Sexual Abuse: Coercing or attempting to coerce any sexual contact or behavior without consent. Sexual abuse includes, but is certainly not limited to, marital rape, attacks on sexual parts of the body, forcing sex after physical violence has occurred, or treating one in a sexually demeaning manner.

Emotional Abuse: Undermining an individual’s sense of self-worth and/or self-esteem is abusive. This may include, but is not limited to constant criticism, diminishing one’s abilities, name-calling, or damaging one’s relationship with his or her children.

Economic Abuse: Is defined as making or attempting to make an individual financially dependent by maintaining total control over financial resources, withholding one’s access to money, or forbidding one’s attendance at school or employment.

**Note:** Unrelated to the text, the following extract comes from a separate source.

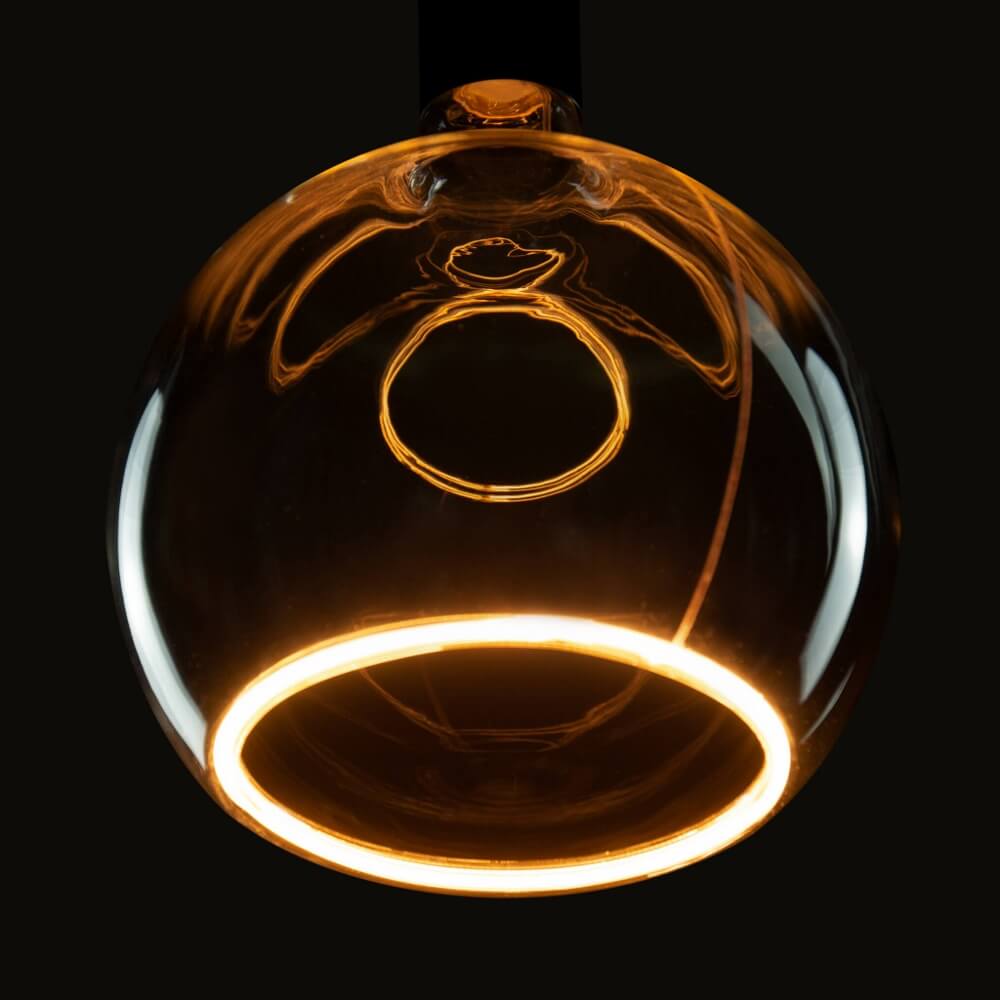 Segula Floating LED lamp E27 | Globe 200 mm | Helder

Psychological Abuse: Elements of psychological abuse include  – but are not limited to – causing fear by intimidation; threatening physical harm to self, partner, children, or partner’s family or friends; destruction of pets and property; and forcing isolation from family, friends, or school and/or work.

Let me clarify one thing before I delve deeper into this, I think race outweighed the issue of domestic abuse in the case because it was the in the wake of a shift in race relations in the USA at the time. It was right after the Rodney King case, artists like NWA, Tupac, Grandmaster Flash, Run DMC, were vocalising the African-American experience in the States and the criminalising of young black men. And here we had a young black man that made it, and was accepted by the mass culture (most people argue that he even forgot/denied his own roots when convenient for him) and people wanted to celebrate that and not let anything tarnish that good strive. The defending team recognised this, and took full advantage of it. So much so, that they very thing that started this whole case was buried under the resentment that the culture needed to release at the time. It was their time to shine, and domestic abuse had to take the back seat for now.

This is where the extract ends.